Ale rok później Aneta już nie myślała o studiach. Gdy się spotkałyśmy, opowiadała mi o książkach, które czyta, o modlitwie, którą odmawia, żeby przygotować się do dobrej śmierci. Nie wiedziałam, co powiedzieć. Słowa więzły mi w gardle. Chciałam mówić: "Będzie dobrze. Wyzdrowiejesz !" A ona była tak pogodna w tym czekaniu na śmierć... Tak jasna, promienna...
Około pół roku później Aneta zmarła. I choć nie znam szczegółów jestem pewna, że była do tej śmierci dobrze przygotowana (o ile można się tak do końca przygotować). Nie potrzebne jej były do tego studia teologiczne, nie musiała się uczyć o Bogu, o wierze, o Kościele z książek. Ona poznała to wszystko sercem... a swoim życiem zdała egzamin celująco...

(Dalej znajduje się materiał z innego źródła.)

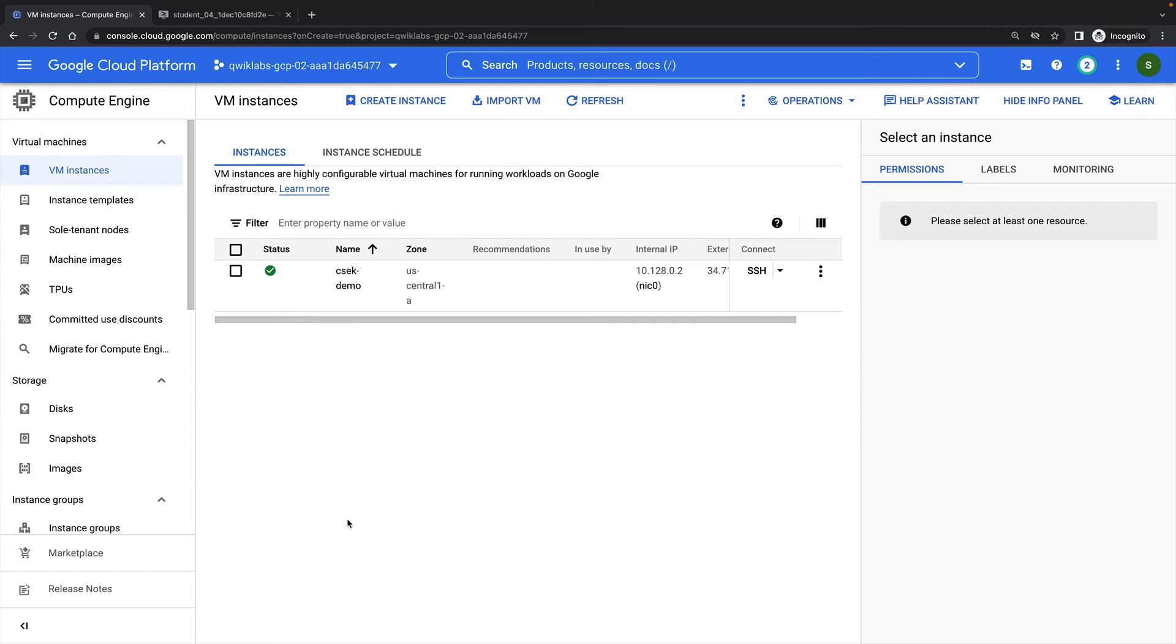And now my VM has launched, and it has two disks attached. It's Boot Disk and my new encrypted disk.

Gdy myślę o niej, uświadamiam sobie jak ważna jest pamięć o tym, czekającym nas wszystkich, przejściu. Staram się uczyć od niej tej gotowości, pogodnej akceptacji (nie mylić z rezygnacją !). Uczę się pamiętania o śmierci i przygotowywania na nią... poprzez pracę nad sobą i modlitwę... i zawierzenie, że wszystko co nas spotyka ma swój sens i cel... w Bogu...

---

Oni wszyscy uczą mnie życia... uczą mnie życia z chorobą... dobrego jej wykorzystania...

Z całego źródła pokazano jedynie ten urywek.